In pursuit of the tax-free meal.
Excluding the value of meals from an employee's taxable income while taking a deduction for the cost has been a significant tax saving. No wonder Congress has been systematically chipping away at the treatment of tax-free meals during the last ten years. The Deficit Reduction Act of 1984 (DEFRA) limited cash payments of supper money to actual reimbursement of meals consumed during the overtime period. The Tax Reform Act of 1986 (TRA `86) severely restricted the meal exclusion by eliminating deductions for the quiet business meal where business is not actively discussed. The rules for determining when employer reimbursements can be excluded from the employee's income were tightened in the Family Support Act of 1988.
Finally, in April 1994, the IRS industry Specialization Program instructed agents to look closely and unfavorably at the exclusion of most overtime meals whether supplied in kind or as a cash reimbursement.

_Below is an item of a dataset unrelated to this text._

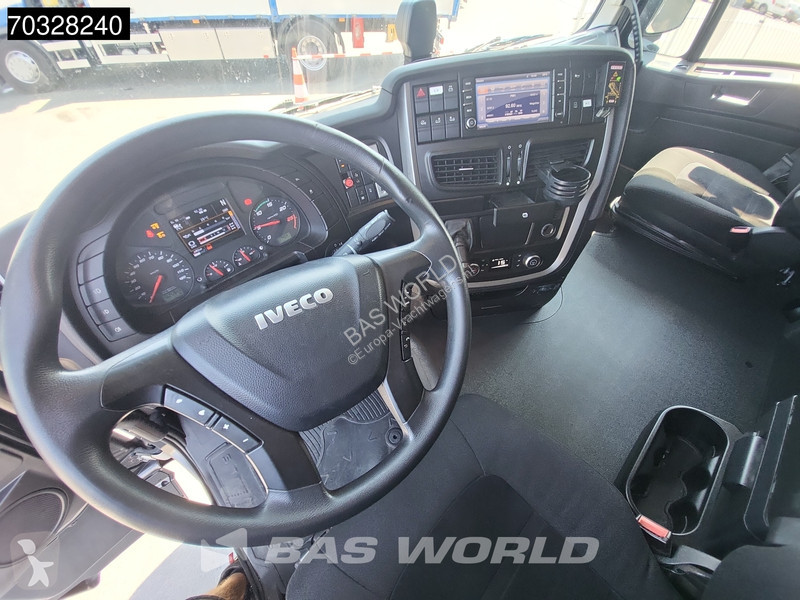 شاحنة Iveco X-Way 570 X-Way 6X2 Fassi F215...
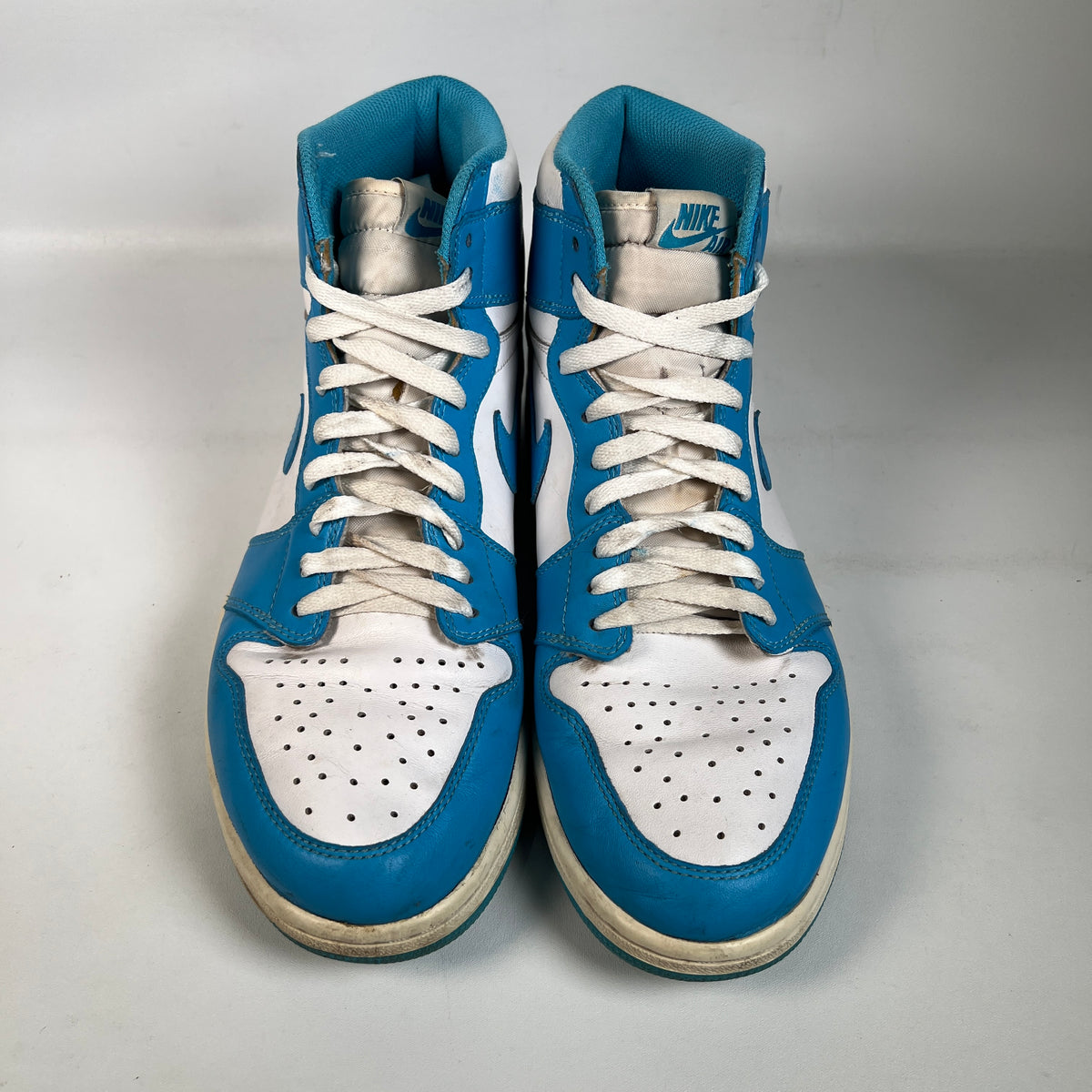 Jordan 1 High UNC (2015) Size 10.5 USED s22859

At the same time, the IRS indicated employers who failed to withhold and remit payroll taxes on overtime meals should not be able to avoid penalties by simply asserting there was a reasonable belief amounts would be excludable. At a minimum, an employer must be able to demonstrate it ascertained the applicable law and applied it to the particular facts. As a result, many employers who routinely pay overtime meal allowances may find themselves paying additional taxes and penalties for failure to withhold on overtime meals treated as excludable fringe benefits. Since the income tax deduction for the meals would not have been limited by the IRC Sec. 274(n) 50%. reduction imposed on most meals, there would be no offsetting reduction of Federal income tax liability to minimize the impact of the payroll tax assessment.
Excluding Overtime Meal
Prior to 1985, many items paid to employees as fringe benefits were not treated as gross income. DEFRA amended IRC Sec. 61(a) to include many fringe benefits in the definition of gross income. Related code sections also were amended to make includable fringe benefits subject to FICA, FUTA (unemployment), and withholding of Federal income taxes. At the same time, DEFRA added IRC Sec. 132 to provide that certain fringe benefits would be excluded by statute from gross income. Excluded benefits are not subject to FICA, FUTA, and withholding.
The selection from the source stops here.